Y si alguna vez de moda estuvo el safari del gringo de “El Viejo y el mar”, no quedando tigre, león, o elefante con cabeza, que terminaban en las paredes de su Finca Vigía cercana de La Habana, ese tiempo pasó, aunque  hoy los pescadores costarricenses se solacen ahora exterminando tiburones del Pacífico colombiano, para quitarles las aletas, de igual manera como lo hacen todavía los cazadores furtivos de rinocerontes en África, logrando ocultos en la maleza sus cuernos como trofeos dizque afrodisiacos.

Con este cuento de lo “afrodisiaco” (¿Afrodisiaco, viene de áfrica?) se quiere complacer a los impotentes multimillonarios del mundo, como también con la lidia distrital a los funcionarios de marras.

Siendo la muerte de los toros, los caballos empenachados, y los toreros un espectáculo digno de ver con sus cuernos y espadas clavadas sin lástima por todos costados de la persona y el animal.

Que se acabe ya esta tradición de gallos de pelea matándose sin compasión, de perros devorándose en casas clandestinas, y de bovinos apuñaleados a mansalva a la vista de todos con ¡Oles! y aplausos franquistas de diversos tonos sin que nadie desde arriba nada exprese del gobierno diferente dentro de una nueva pedagogía del amor y respeto a todo lo existente.

Da gurria, que sólo un alcalde de reciente nombramiento se atreva a llamar a tiempo la atención sobre el horror cultural defendido a capa y punzón por un procurador de argumentos baladíes.

Luis Cardoza y Aragón, el gran poeta guatemalteco, habla en sus memorias de Bogotá días antes del “Bogotazo”, y recuerda la barbarie del “Circo de toros”, lugar donde también el dictador Gurropín, (abuelo de san-muelas) asesinó y desapareció a cientos de personas por el sólo hecho de haber abucheado un domingo de feria a su hija:

La furia estaba presente en el ámbito colombiano. En mi primera estancia en 1947, capté al país bajo una delgadísima ficción de tranquilidad. Poco antes de que comenzara la Novena Conferencia Panamericana, en la Plaza de Toros de Santa María en Bogotá la multitud bajó las gradas y mil pirañas lincharon a un toro manso que ya había recibido varios pinchazos del chambón matador.

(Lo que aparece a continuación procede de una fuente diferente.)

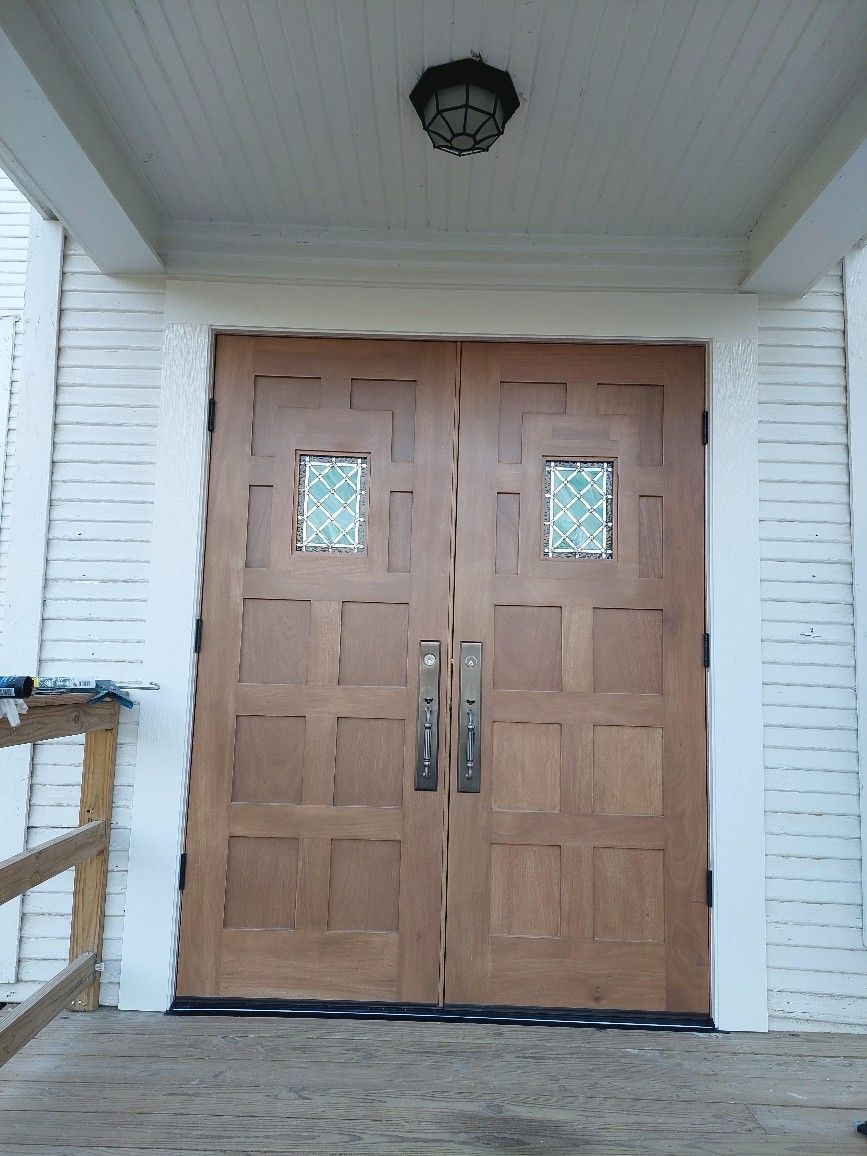 Double wooden front doors with frosted glass panes under a porch light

Las quejas del animal herido con puñales, navajas y puntapiés repercutieron en el espacio hasta que rindió el último aliento.

Le sacaron los ojos, le cortaron los cojones, la cola, las orejas. Una gran mancha de sangre quedó bajo el torito en el ruedo… Por instante imaginé que el pueblo castigabase a sí mismo en la bestia que despedazaba.”